### Task statement
Among the entries below, only the lines from the one with "Living - 4113" through the one with "MBPS IT outsourcing" are wanted, reproduced exactly. Pictures are not wanted.

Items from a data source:

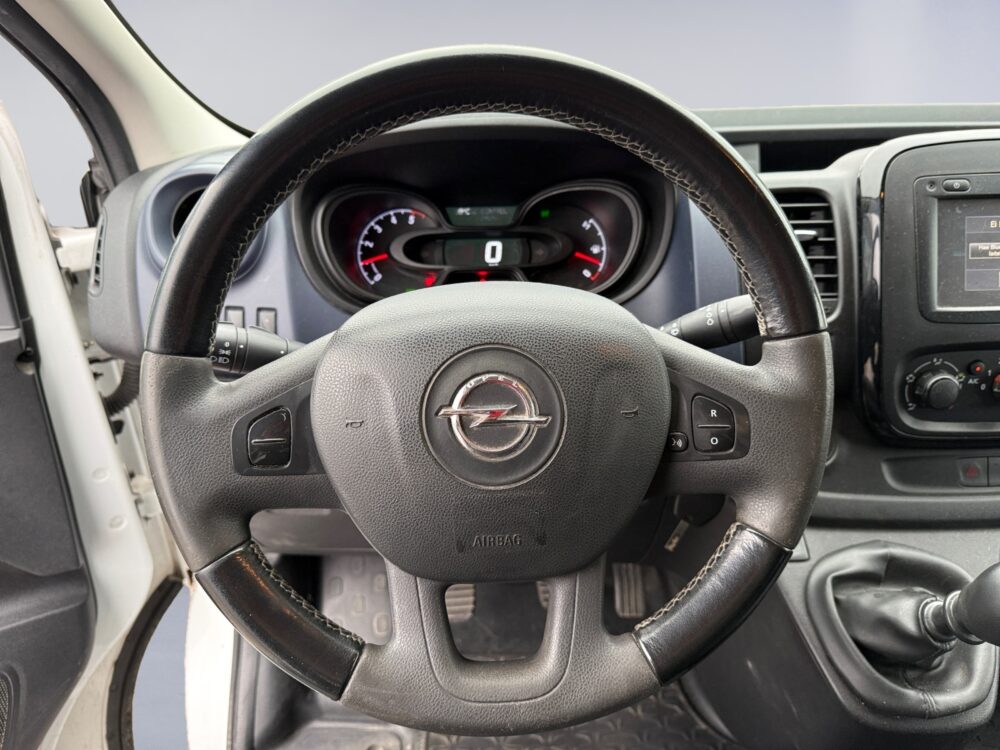 auto-Opel-Vivaro-JKM458-202610151703-10 auto-Opel-Vivaro-JKM458-202610151703-10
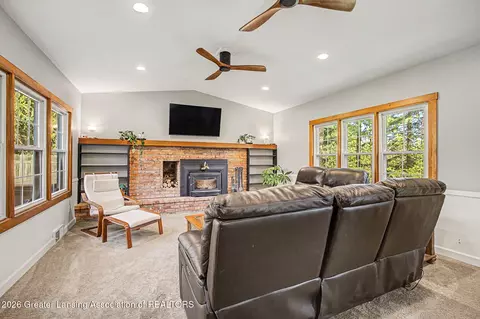 Living - 4113 Dell Rd, Lansing, MI 48911 photo 1 of 3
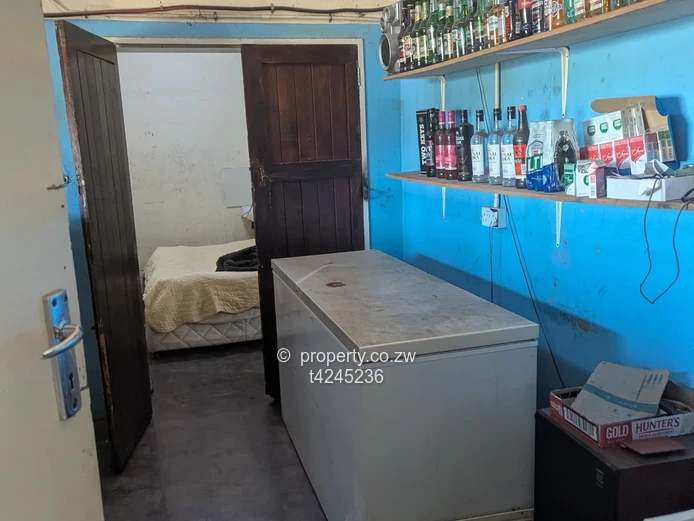 Chitungwiza Zengeza 4 commercial building for sale  (Sole Mandate)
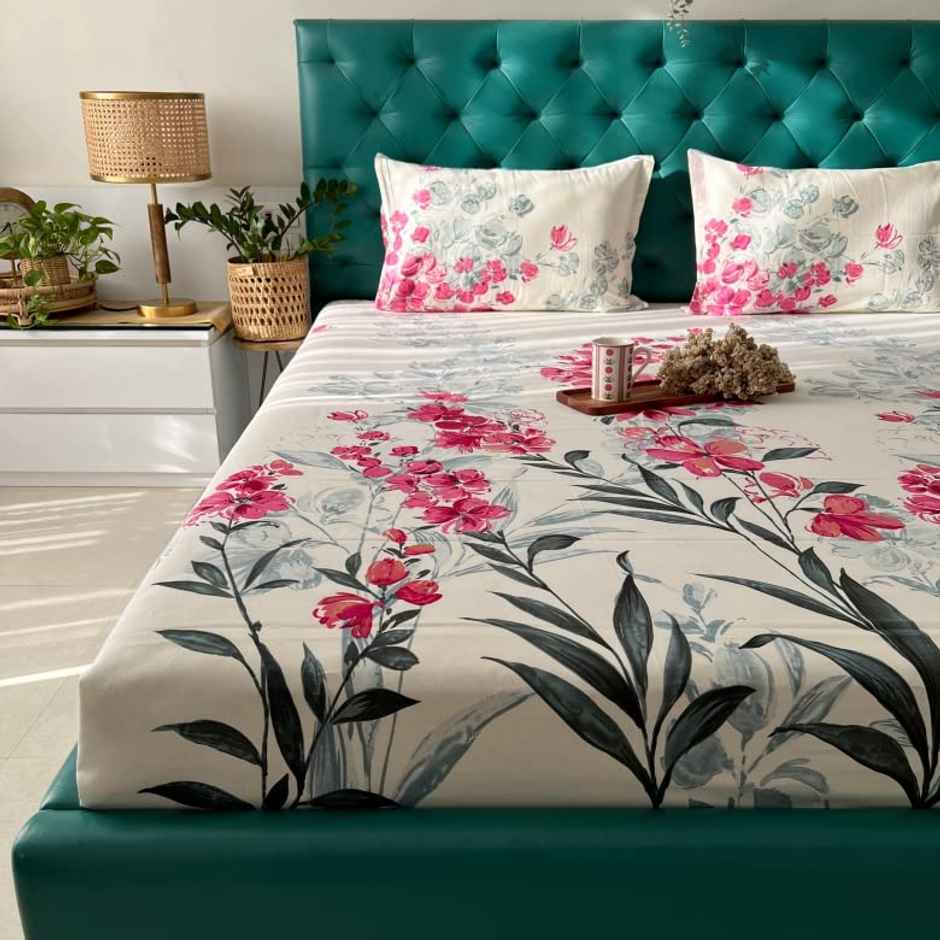 Urban Space 200 TC 100% Cotton Double Bedsheet with 2 Pillow Covers - Majestic Pink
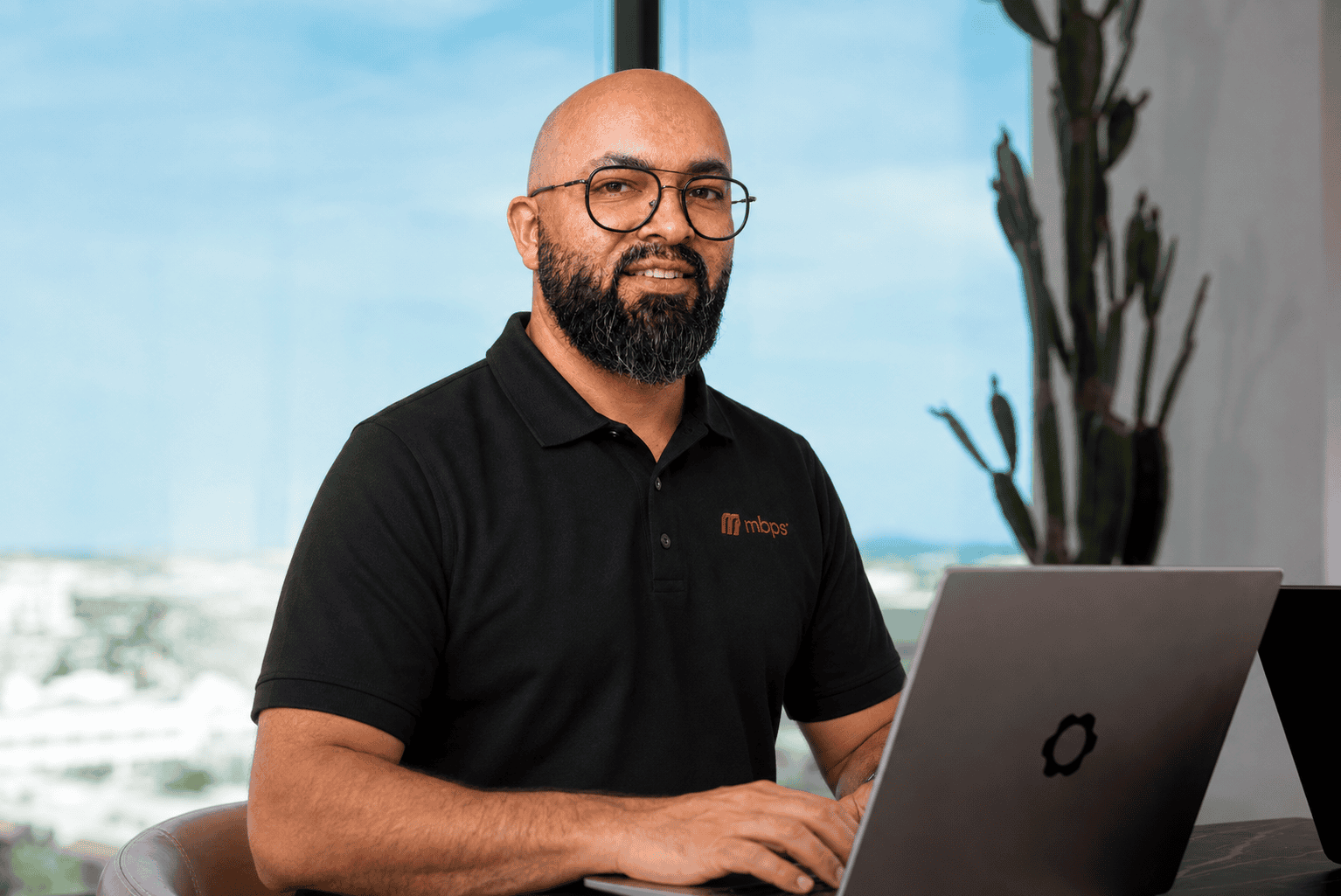MBPS IT outsourcing technician handling client support remotely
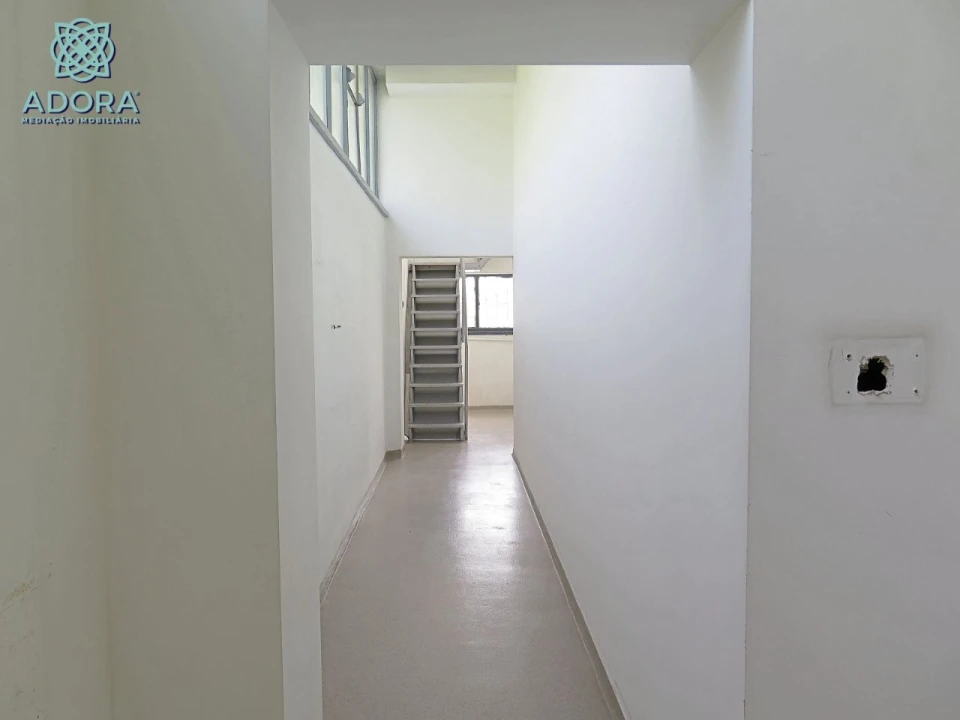 Armazém para Venda em Carnaxide Foto 22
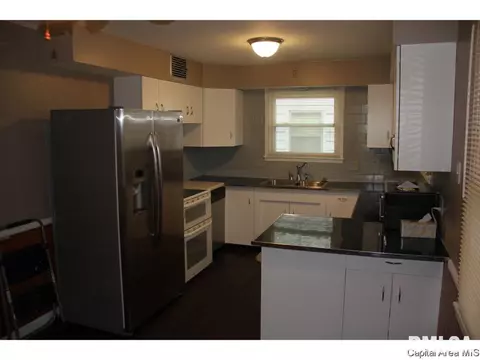 2443 S Whittier Ave, Springfield, IL 62704 photo 6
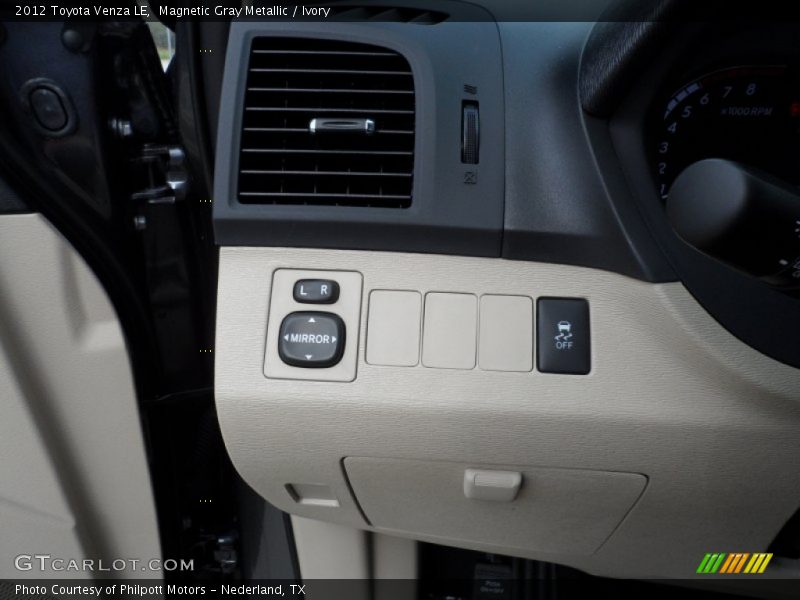 Magnetic Gray Metallic / Ivory 2012 Toyota Venza LE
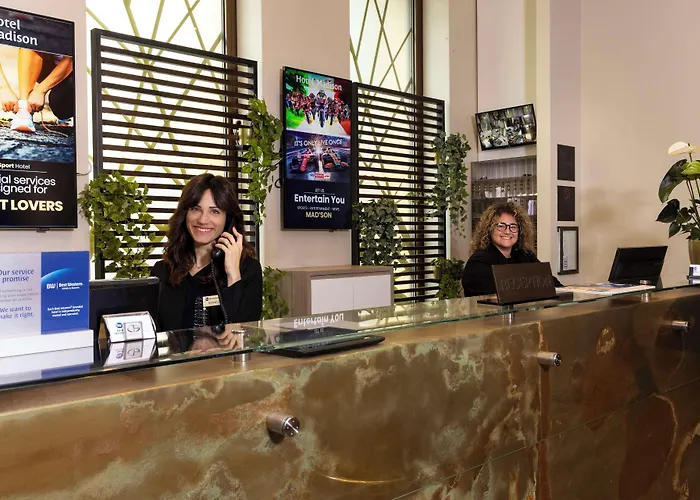 Western Madison Отель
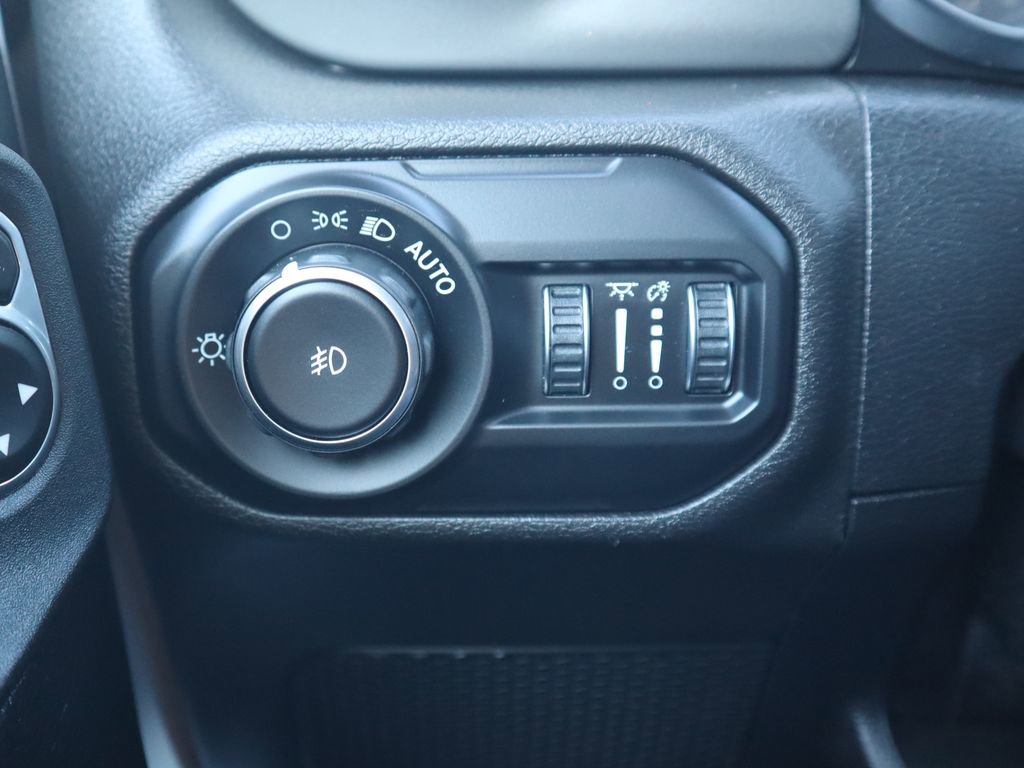 Used 2021 Jeep Wrangler Unlimited Sahara w/ Safety Group image 23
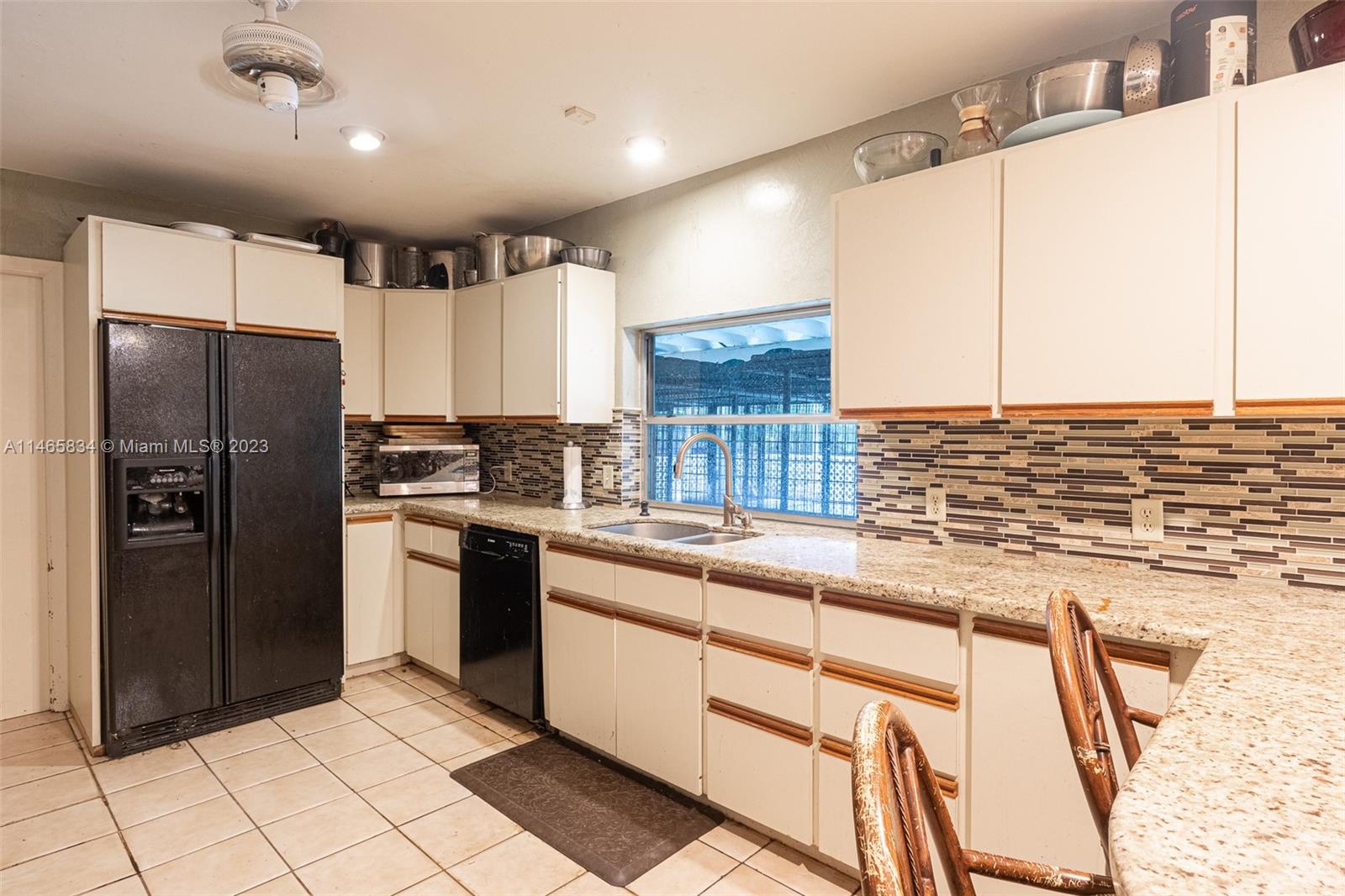 Horse Country - Land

### Answer section
 Living - 4113 Dell Rd, Lansing, MI 48911 photo 1 of 3
 Chitungwiza Zengeza 4 commercial building for sale  (Sole Mandate)
 Urban Space 200 TC 100% Cotton Double Bedsheet with 2 Pillow Covers - Majestic Pink
MBPS IT outsourcing technician handling client support remotely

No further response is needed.